After a quick look into why filters in convolution layers are so useful, I can understand bigger kernels are needed. But why do we need input shapes? In Conv2d layer, the kernel size and filters have direct influence on the accuracy of the model. If you use small kernel or small filters, your accuracy will be low. Another aspect of the conv2d layer is the input shape. The input shape might contain some zeros or ones, which is what is called as bad input. For example, the input shape of a layer can contain zeros or ones. The zeros or ones will have impact on the performance of the model.

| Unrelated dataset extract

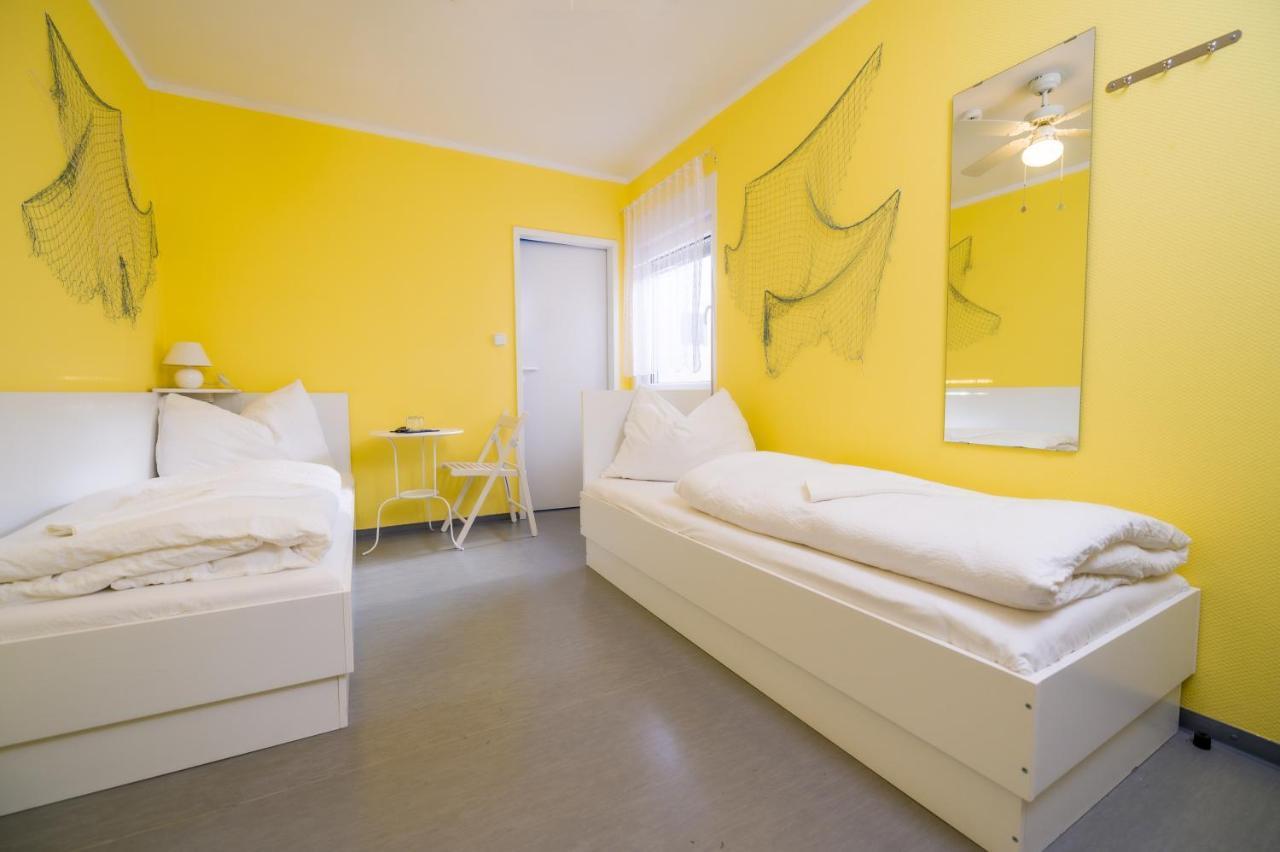 La Port Hotel Znojmo Kültér fotó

In this post, we will look at the use of convolutional layers in convolutional neural networks (CNN). We will discuss the concepts of filter, kernel size, and shape of the input, and how to use them in Conv2d layer in the context of CNNs. Convolutional layers are capable of extracting various features from an image, such as edges, textures, objects and scenes. The convolutional layer contains a set of filters whose parameters need to be examined. It calculates the scalar product between its filter and a small area of the input image. This could yield a volume of [28x28x10] if we decide to use 10 filters.

## What is a filter

The convolution layer computes the convolution operation of the input images using feature extraction filters and analyzes the entire image by viewing it through this filter. The filter is shifted by the width and height of the input, and the dot products between the input and the filter are calculated at each position. The output of the convolution is called the feature map. Each filter is folded with the inputs to calculate an activation map. The output volume of the convolution layer is obtained by summing the activation maps of all depth measurement filters. For example, the following scene image filters for feature extraction and activation map calculation. This filter is sometimes called Windows or Kernel – which all mean the same thing in terms of folding neural networks. We can scan an image with multiple filters to display multiple image features. Each feature map shows the parts of the image that express a particular feature defined by our filter parameters. Each convolutional layer consists of several filters. In practice, this is a number such as 32, 64, 128, 256, 512, etc. This number is equal to the number of channels at the output of the convolution layer.

## Set filter

In practice, we do not explicitly define the filters that our convolutional layer will use, but rather define the filter parameters and let the network use the best filters in a learning process. We need to determine how many filters we want to use on each layer. During training, the filter values are optimized by backpropagation, taking into account the loss function.

## Core size

Each filter has a certain width and height, but the height and weight of the filters (core) are smaller than the input volume. The filters have the same dimensionality but with smaller constant parameters compared to the input images. For example, to calculate a three-dimensional image [32, 32, 3], an acceptable filter size is f × f × 3, where f = 3, 5, 7, etc. kernel_size: the size of these convolutional filters. In practice, they take values like 1×1, 3×3 or 5×5. They can be written briefly as 1, 3 or 5, because in practice they are usually square.

## Input layer

The input layer is conceptually different from the other layers. It stores the raw pixel values of the image. In Keras, the input layer itself is not a layer, but a tensor. This is the initial tensor that sends you to the first hidden layer. This tensor must have the same shape as your training data.

## Entry form

The input form is the only thing you need to define, since your template can’t know it. It is based on your training data. All other shapes are automatically calculated according to the units and characteristics of each layer. If you z. B. you have 100 images of dimensions 32x32x3 pixels, your input form would be (100,32,32,3). Then the tensor of your input layer should have this form.This is the first post in a three part series. The first post is about which convolutional neural network architectures we should be using in our deep learning convolutional networks, and it also looks into which filters we should be using for which types of images. In the second part, we look at the kernel size to use in our convolutional layers. The third part of the series will look into the input shape, which is the shape of the output of the convolutional layers.